After losing his teaching position in England, Taylor moved to Boston in 1668 as a minister. Taylor took a second degree at Harvard. He achieved his first degree at an English University. After graduating, Taylor became a minister to the tiny frontier town of Westfield Massachusetts.
There were many difficulties in Taylor's life during his time in Westfield. The town was under constant threat of attack during King Philip's War. The Great Indian War also did a large amount of damage
near the Massachusetts Bay. About two-thirds of all the villages on the Bay were damaged or completely destroyed. Taylor's first wife bore eight children five of whom died as infants.

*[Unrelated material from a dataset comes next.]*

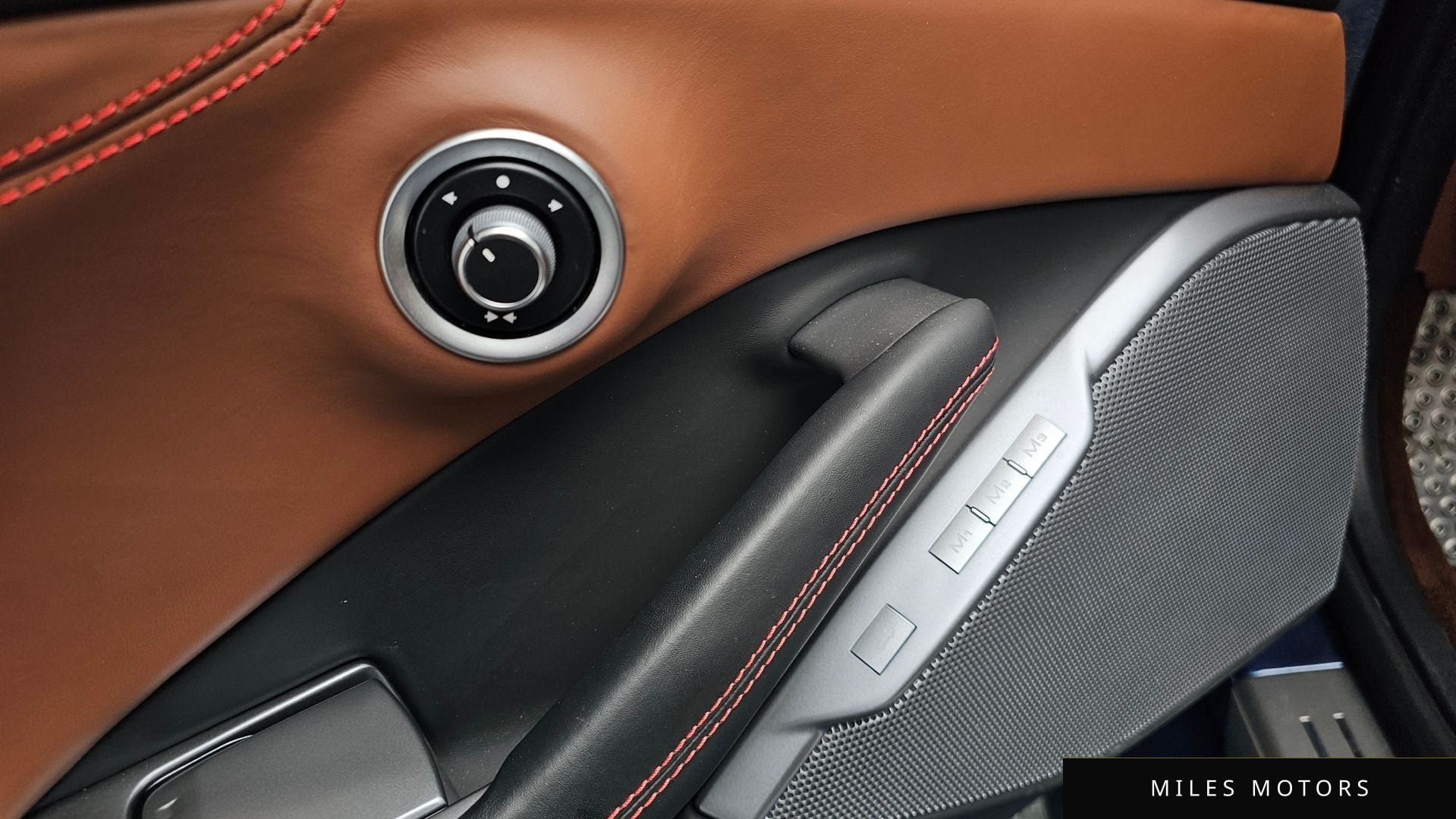 Ferrari 포르토피노 2019 — миниатюра 18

Taylor has written a great deal of poems throughout his life. It is not on record of how many, for poems by him are still being discovered today. Some were recently discovered in his library in the binding of books. Most of which were concerned with religion. In his poems, Taylor tried to defend the original faith of the Puritans against newer, more liberal religious ideas. Taylor's poems differ from other puritan poets in being more difficult and intricate. His main poetic work is a group of more than two hundred poems entitled Preparatory Meditations, which he wrote on and off for forty-four years.
Taylor wrote little concerning his life in the New World. He concentrated mostly on religious beliefs of the puritans in the late seventeenth and early eighteenth centuries.